Baseball has power that extends beyond its immediate purview of playing fields and the stadiums that surround them. Despite frequent protestations of being apolitical, MLB’s money and influence in Washington present a profound opportunity — to push for meaningful change or, as Hoffman fears, hypocrisy.
“One area of very significant greenwashing is when companies make loud statements — ‘We care about climate change. We're gonna do something about it.’ — and then they lobby against climate policy in Washington,” he says.
“That's greenwashing. Because we need policy.”
Exhaustively tracking the money from MLB’s political action committee and the voting patterns of the recipients could be a worthwhile standalone project, but we can see some glaring contradictions from just a top-line analysis.
From 2019-20 — in 2021, MLB temporarily suspended political donations following the insurrection at the Capitol — Open Secrets tracked $127,000 donated to different federal candidates. Over 56% of that money went to Democratic candidates, but House Minority Leader Kevin McCarthy, R-Calif., received the most of any individual. Despite recently unveiling a package of “narrow environmental bills,” McCarthy has a lifetime score of just 3% on voting in favor of environmental issues, according to the League of Conservation Voters. In 2015, when he was the majority leader, for example, McCarthy wrote an op-ed for the Washington Post announcing his plans to oppose U.S. involvement in international efforts to combat climate change.

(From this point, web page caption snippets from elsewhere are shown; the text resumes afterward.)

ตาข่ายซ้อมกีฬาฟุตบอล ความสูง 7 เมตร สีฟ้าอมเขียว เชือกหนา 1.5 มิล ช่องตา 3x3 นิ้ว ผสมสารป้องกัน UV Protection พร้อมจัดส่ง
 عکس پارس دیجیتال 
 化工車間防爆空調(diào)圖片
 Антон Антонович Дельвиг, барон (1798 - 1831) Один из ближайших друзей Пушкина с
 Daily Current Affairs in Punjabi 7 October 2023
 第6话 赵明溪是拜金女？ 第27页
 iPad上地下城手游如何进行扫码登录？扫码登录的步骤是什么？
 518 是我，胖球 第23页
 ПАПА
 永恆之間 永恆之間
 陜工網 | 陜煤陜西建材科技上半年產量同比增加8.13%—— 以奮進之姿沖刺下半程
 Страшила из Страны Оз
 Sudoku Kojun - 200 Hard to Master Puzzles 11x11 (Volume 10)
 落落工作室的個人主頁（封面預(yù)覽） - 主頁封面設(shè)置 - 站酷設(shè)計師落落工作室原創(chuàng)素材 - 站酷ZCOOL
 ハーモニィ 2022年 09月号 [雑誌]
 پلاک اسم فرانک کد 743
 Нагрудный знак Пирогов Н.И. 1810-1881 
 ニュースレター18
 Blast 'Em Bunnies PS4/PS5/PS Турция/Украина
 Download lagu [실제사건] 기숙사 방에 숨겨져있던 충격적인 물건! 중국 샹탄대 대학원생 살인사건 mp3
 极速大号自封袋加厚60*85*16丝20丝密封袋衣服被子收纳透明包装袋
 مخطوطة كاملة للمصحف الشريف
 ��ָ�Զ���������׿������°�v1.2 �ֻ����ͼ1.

That year, MLB donated $5,000 to his campaigns.
What would impactful change look like? 2020 offers a hint
“When people talk about sustainability in sports leagues, a lot of the time, maybe they'll talk about recycling, maybe they'll talk about how their players did a tree planting program on the weekend. A lot of those things are pretty close to greenwashing,” says Seth Wynes, a postdoctoral fellow in the Department of Geography, Planning and Environment at Concordia University in Canada.
“You're doing an action that looks nice, but is not really substantial. It’s not making a huge dent in your emissions in any way.”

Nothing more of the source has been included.